## ASSIGNMENT
Please transcribe the listing that follows exactly; images are to be excluded.

---- SOURCE DATA

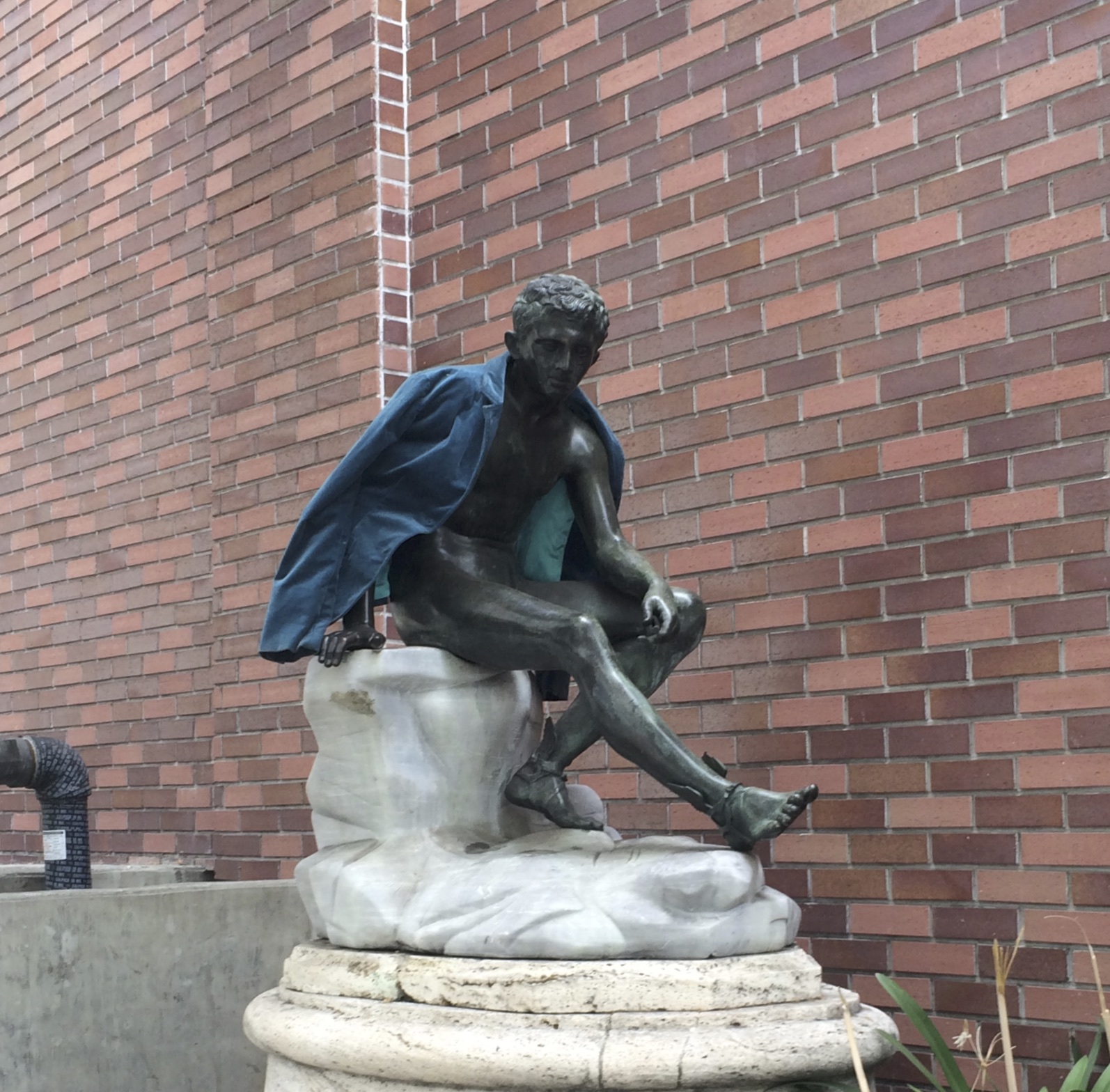 Statue Of Man With Winged Feet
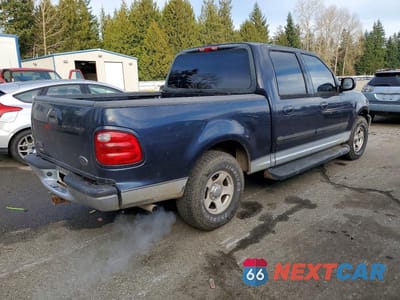 Trzecie zdjęcie samochodu z tyłu: 2001 FORD F150 SUPERCREW VIN:1FTRW07LX1KC32150 - miniatura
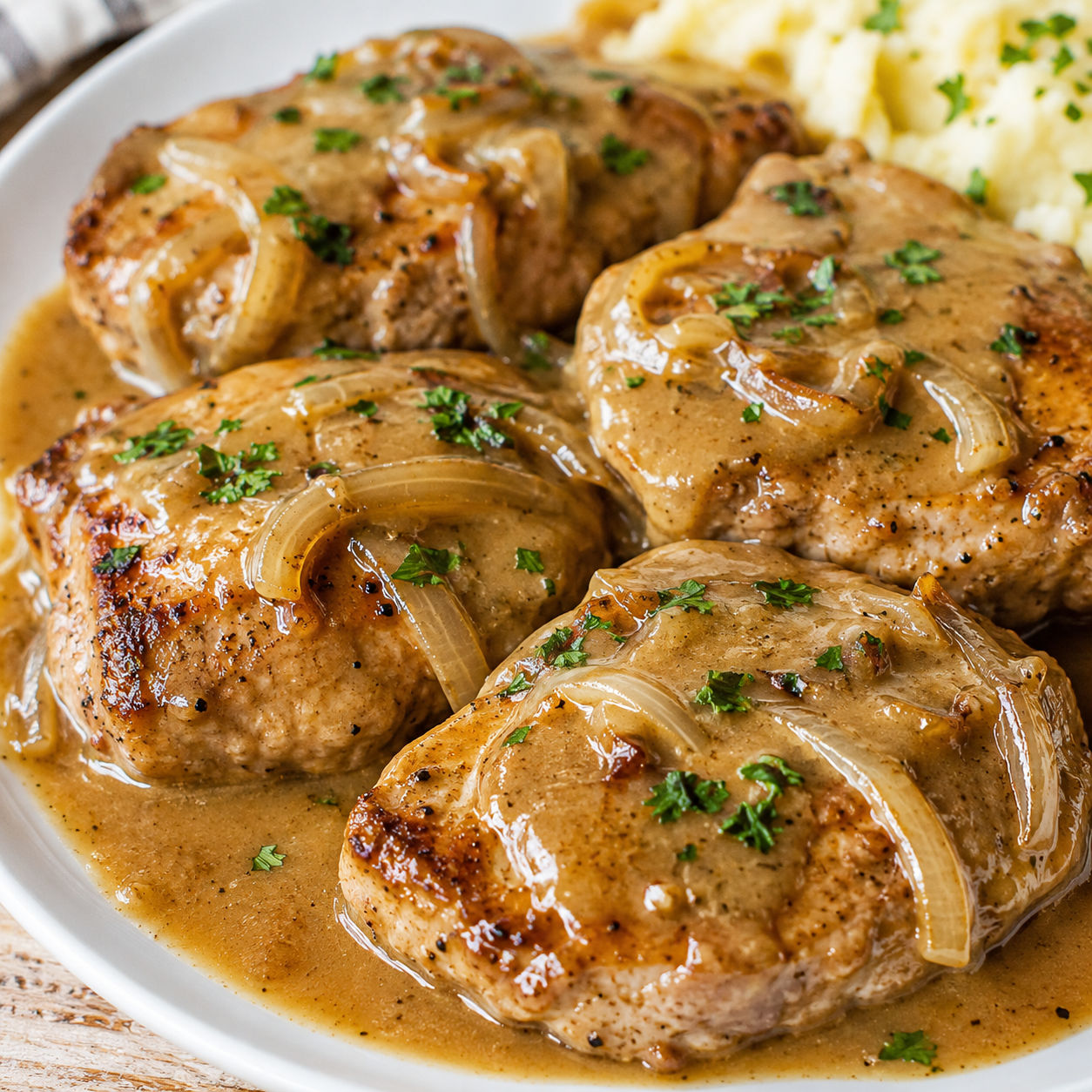 Smothered boneless pork chops with onion gravy and parsley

--------

## EXPECTED OUTPUT
 Statue Of Man With Winged Feet
 Trzecie zdjęcie samochodu z tyłu: 2001 FORD F150 SUPERCREW VIN:1FTRW07LX1KC32150 - miniatura
 Smothered boneless pork chops with onion gravy and parsley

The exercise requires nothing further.